第17話:日常の裂け目
放課後。校門を出た透を、黒瀬は屋上のフェンスにもたれて、少し離れた位置から見守っていた。
「……またか」
透の膝小僧にすり傷。手には小さな切り傷。落とした荷物が軽くぶつかる。黒瀬の目が細くなる。
ここ数日、怪我の回数が増えている。
――火曜日、教室のドアがいきなり開き、手をぶつけて小さな切り傷。
――水曜日、階段でつまずき膝をすりむく。
――木曜日、帰宅途中に倒れた看板に驚き、荷物を落として軽く打つ。
偶然ではありえない。
黒瀬の視線の先で、蒼真が透に声をかけた。
「……透、最近怪我多くないか?」
透は肩をすくめ、無理に笑った。
「ん、ん〜…何故か最近よく転んだりするんだよね……でも、大丈夫……」
その笑顔には、どこか力の入らない影があった。黒瀬はその微妙な違和感を胸の奥でひっそりと拾う。
蒼真もまた、透の表情の裏に隠れた焦りや痛みを感じ取ったようだった。
「……偶然じゃない……?」
直感が告げる。小さな違和感の積み重ねが、危険の匂いを立ち上らせる。
黒瀬はポケットに手を入れ、無意識に拳を握る。
小さな怪我でも、透が狙われている可能性がある。手を出せば状況は変わるかもしれない。しかし、敵は見えない。まだ姿を現さない。
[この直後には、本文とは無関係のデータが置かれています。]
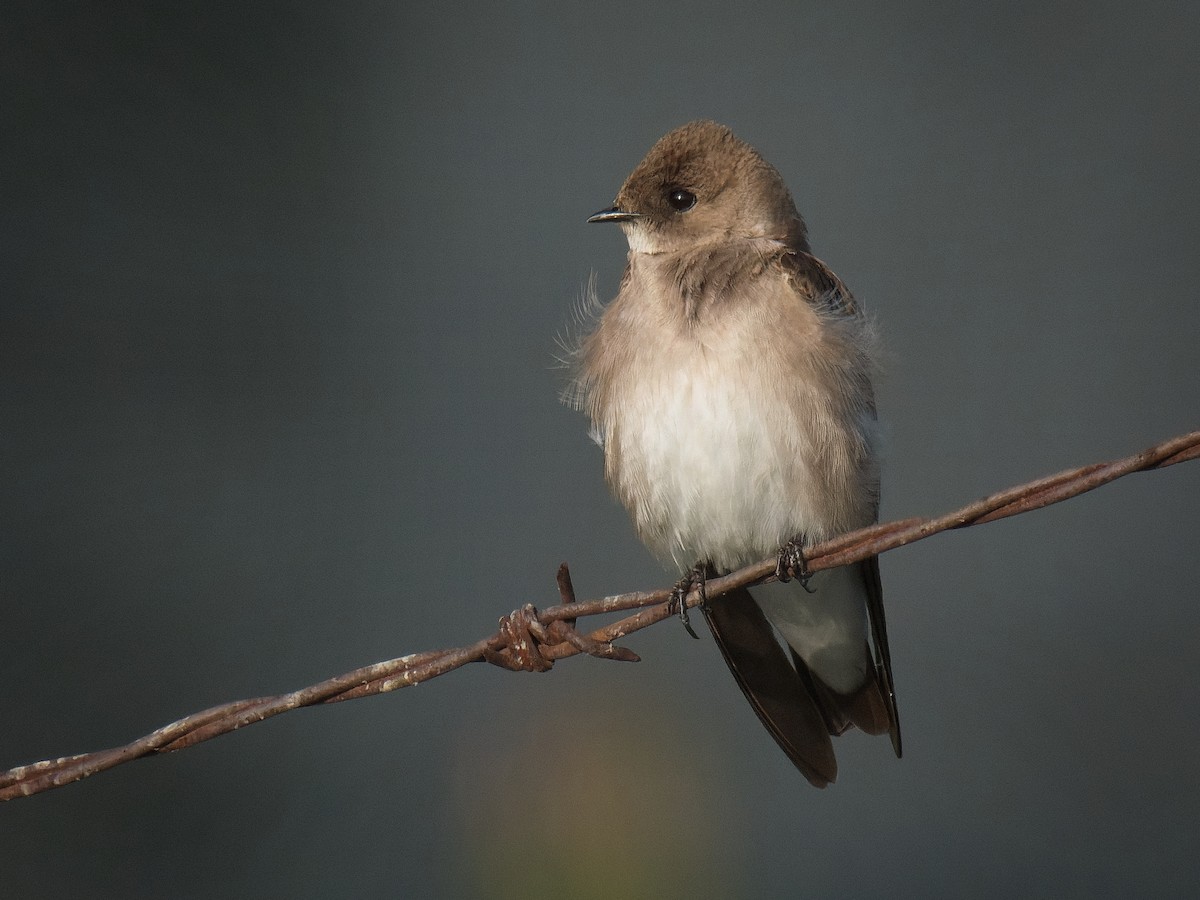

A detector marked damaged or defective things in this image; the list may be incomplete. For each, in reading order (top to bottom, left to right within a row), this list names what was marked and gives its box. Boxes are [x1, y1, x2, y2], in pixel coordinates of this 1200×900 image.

rusty wire [2, 429, 1200, 801]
階段の段差、校内のドア、風に揺れる自転車の音。日常の景色が、どこか不穏な空気を帯びている。
「今日は……大丈夫か……」
屋上に立ち、透と蒼真を遠くから見守る黒瀬の視線は、少年のように真剣だった。
小さな胸の中で、警戒心と焦燥感が絡み合う。
動けば守れるかもしれない。
でも、間違えれば全てを壊す。
黒瀬はじっと、透の背中を見つめた。
日常の向こうに潜む、静かな地獄を感じながら。
⸻
ふと、校門の向こう側に、見慣れない制服の女子が立っているのに黒瀬は気づく。
一瞬、透の横に近づきかけるその少女の動きに、不自然な緊張が走る。
ちらりと見えた顔の輪郭、仕草の端々が、どこか陽菜に似ている――。
でも、完全に同じではない。どこか違和感を伴う視線が、透を探るようにこちらを見ている。
「……誰だ、あれ……?」
黒瀬は視線を固め、屋上からその様子を見守った。
日常に紛れ込んだほんの少しの異質。
――直感が告げる。これが、透の未来に新たな波乱をもたらす者だ、と。